Edit; hire 'average' programmers from oDesk etc to build 'stuff' against it 'for clients' (threat it as a serious project) to figure out how easy it REALLY is to make things with it. Average programmers are, well, the average, so they will be the most likely consumers of your API. If they have no clue at all, you didn't go far enough perfecting everything. For instance we hired a bunch of devs to do a Windows plugin for our monitoring system and we found out our documentation and examples were completely unusable for them. We'll have to rewrite/refactor all of that and have them re-try.
You said it. I have this feeling people tend to forget developers are users too. The "don't make me think" rule still applies even if their job is thinking.
So if you really want people to use your system (API, library, IDE, programming language, compiler...) you should run usability tests, write easy-to follow documentation with examples and answers to common problems, make it super easy to download (if it's software), maybe make a web page where you can try it online (that helps a lot), have a nice, smooth user interface, make it behave similar to something users have probably already used, have a good name, a nice logo, a nice-looking webpage, take care of its search-engine positioning, offer services such as forums, maybe advertise a bit, sell shirts, give a free night at a spa to one of the users every month (hey why not)... wow that list came longer than expected. Well you get the point.
This article is bad advice for 99% of startups.

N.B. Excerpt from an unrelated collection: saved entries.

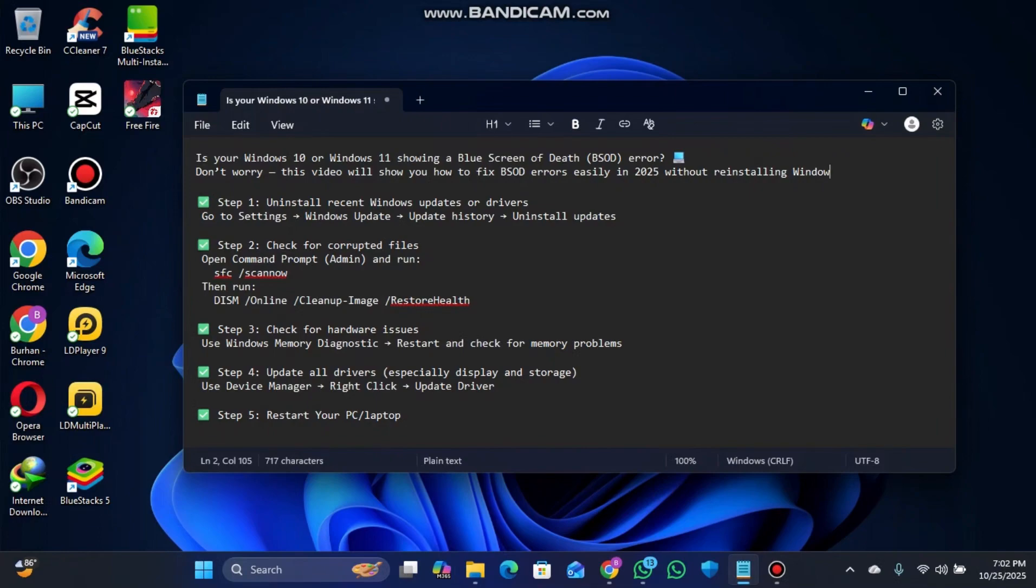Hey everyone, welcome back to another tech video. In this video I'm going to show you how you can resolve the blue screen error problem in Windows 10 or Windows 11.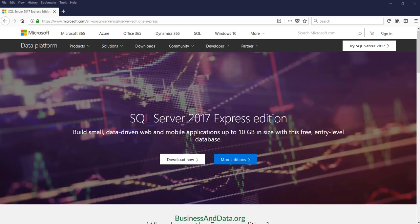Hello everyone, welcome to my YouTube video. In this video I want to show you how to install SQL Server 2017 Express Edition.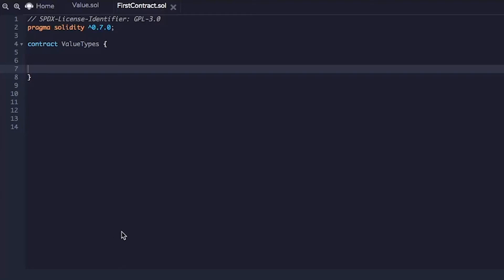All right guys, welcome again. For this chapter we will start by writing a smart contract. Let's write our code first and then we will discuss about it.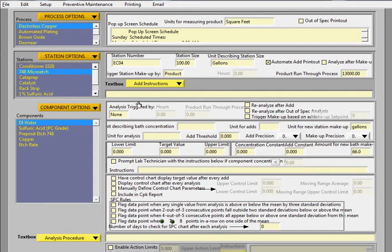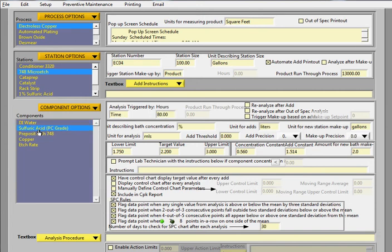The next section to talk about is the component section. And also for a component, in this case, it's DI water, sulfuric acid. So here we're triggering sulfuric acid based on time, and that's every 80 hours of production time.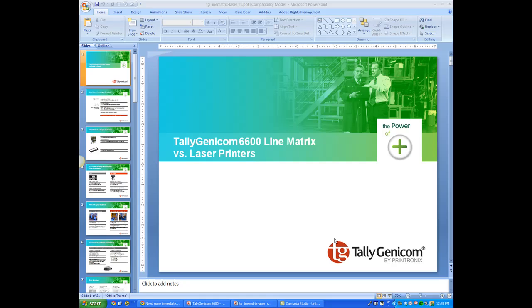Hello, this is Kathy from kmbrick.com, and today I'm going to show a client how to take their old PowerPoint deck and put it into the new company template.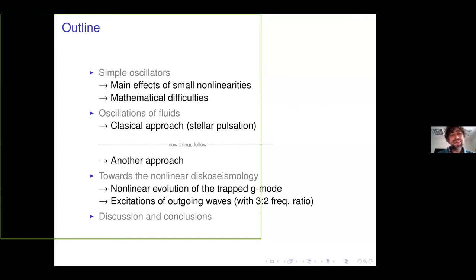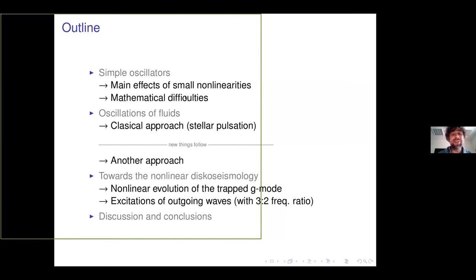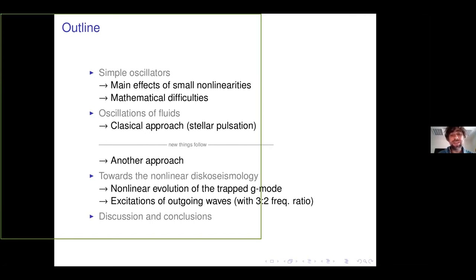I will start with something quite old and maybe well known — simple oscillators with some nonlinearity. I will discuss the effects of these nonlinearities and touch on some mathematical difficulties they cause. Then I will go to oscillations of fluids, starting with a classical approach to nonlinear fluid oscillations mostly developed in the context of stellar pulsation theory. After that, new things start: a new way of calculating nonlinear oscillations of fluids in general.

It says "your API might become heavily used, so engineer for it up front".
I have an alternative suggestion: "Your API (even more so than your product) is most likely never going to be used by anyone, so engineer to get it out the door as quickly as possible and test the waters."

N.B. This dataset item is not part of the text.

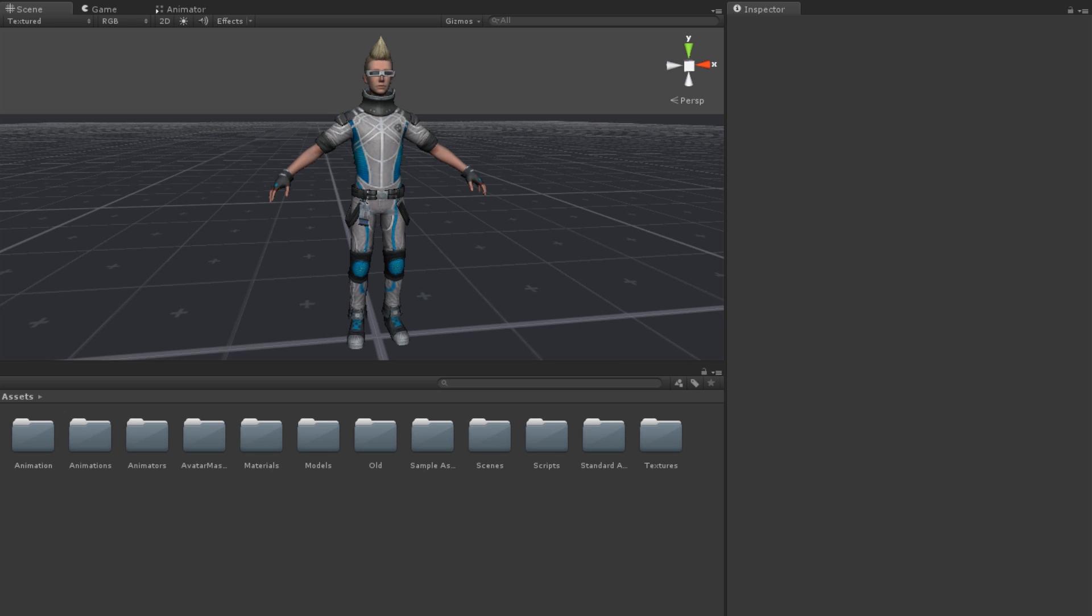In order to affect transitions between the states of an Animator controller, we need to set the Animator parameters to appropriate values. To do this, we need to use some of the functions of the Animator class.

Authorization, throttling, quotas, and monetization are all things you can worry about in the happy-but-unlikely case that your API takes off. In the mean time, just get it out the door. There are some things you can do to future-proof yourself with zero effort:
* Require every request to submit a contact email address as a parameter. This gives you a crude way to find out who is using your API and how much, and gives you the ability to contact them when you make breaking changes. Clients who don't submit contact information have nobody to blame but themselves when you make breaking changes.
* Put your API on a different domain from your main site, ie api.example.com instead of www.example.com. This gives you more flexibility to move it around without breaking things.

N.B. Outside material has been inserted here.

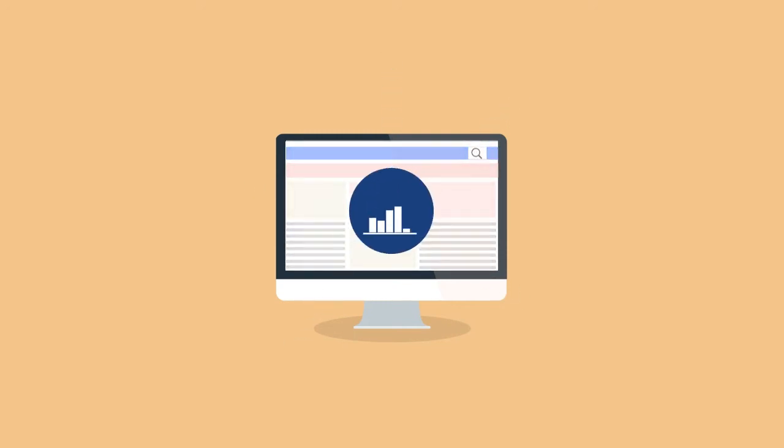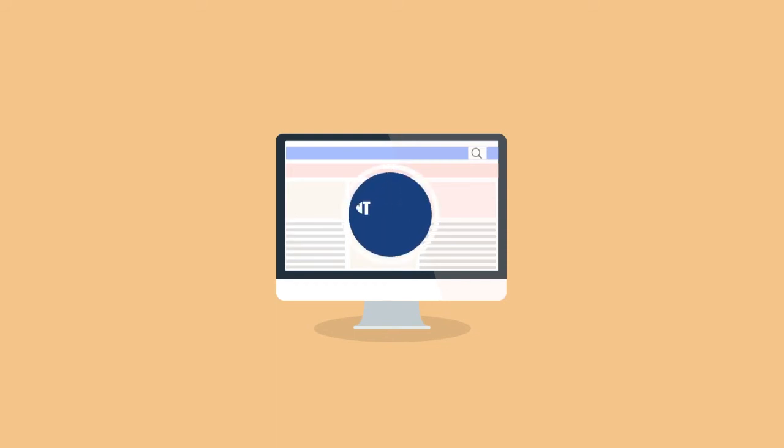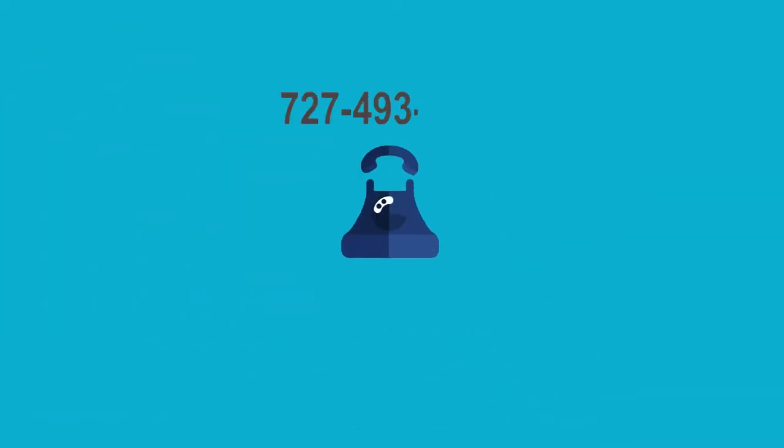Want to hear more about how we can boost your business with content marketing? Give us a call or visit our website today.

* Documentation is critical, but easy - provide examples. Just a series of "Want to do X? Formulate a link like this" and make a real link that actually works.
* Don't overthink the API. Yeah, use REST principles and don't be a total idiot. But accept that your first API is just an experiment. If your API is successful, you will end up rewriting it. The most important things are that 1) it works, 2) it's useful, and 3) users can figure out how to use it from the documentation. Just get something out there, even if it isn't pretty. If you need to make breaking changes, that's what the contact email is for.
We (https://www.voo.st/) added an API in response to a partner who asked for it. It took a day, half of which was formatting the documentation (https://www.voo.st/developers). Guess what? It's never been used. Chances are, your API will be the same way.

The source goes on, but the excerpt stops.